It really depends on the degree and depth of the thrush.

If it's already got a stronghold on the hoof and reached the point where the horse is sore and heading for lame, White Lightening, Clean Trax.

For less serious thrush issues that have crept down into the sulci but the horse isn't lame, ToMorrow works. ToMorrow is a cow mastitus treatment; sounds strange but it works really well, in many instances. After you syringe ToMorrow down in there, add some type of antibiotic ointment (out of the bathroom cabinet) and top that off with diaper rash cream to hold everything in the sulci for more than five minutes

If it's just starting, there are a lot of good things on the market. It will depend what's available in your local stores, if you don't want to order from a catalogue.

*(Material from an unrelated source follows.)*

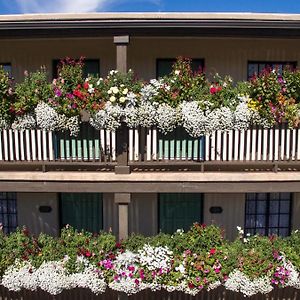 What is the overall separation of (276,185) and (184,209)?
325 cm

My favorite is Absorbine Hooflex "Thrush Remedy". TSC carries it but it's cheaper in some of the vet catalogues.

Thrush Remedy is oil based, and works on the hoof for quite a few days. I use it just as a maintenance tool, whether someone has smelly feet or not.

Anything with Purple Gentian in it, like Thrush Buster.
     
    03-08-2013, 09:26 PM
  #13
Weanling
Thanks! Where do you buy this?
Quote:
Originally Posted by laurapratt01    
I've found that Koppertox work the best. My guy had some pretty bad thrush a couple months ago and it cleared up in 3 days using it once a day. I have used the Absorbine product and Thrush Buster in the past and I am definitely sticking with Koppertox because it works insanely fast.
Interesting to hear of using Tomorrow... I'll definitely try that sometime since we have a ton of it around being a dairy farmer and all :)
     
    03-08-2013, 09:30 PM
  #14
Showing
You can also buy a small tube of triple antibiotic cream and a small tube of antifungal cream (for athlete's foot). Also get a catheter syringe from the pharmacy. Mix the creams together in a dish then put it in the syringe. The long nose will enable you to force the cream deep. If you'd like to know more, google Pete Raimey and he has an excellent article on dealing with thrush.
     
    03-15-2013, 07:52 AM
  #15
Weanling
Thank you!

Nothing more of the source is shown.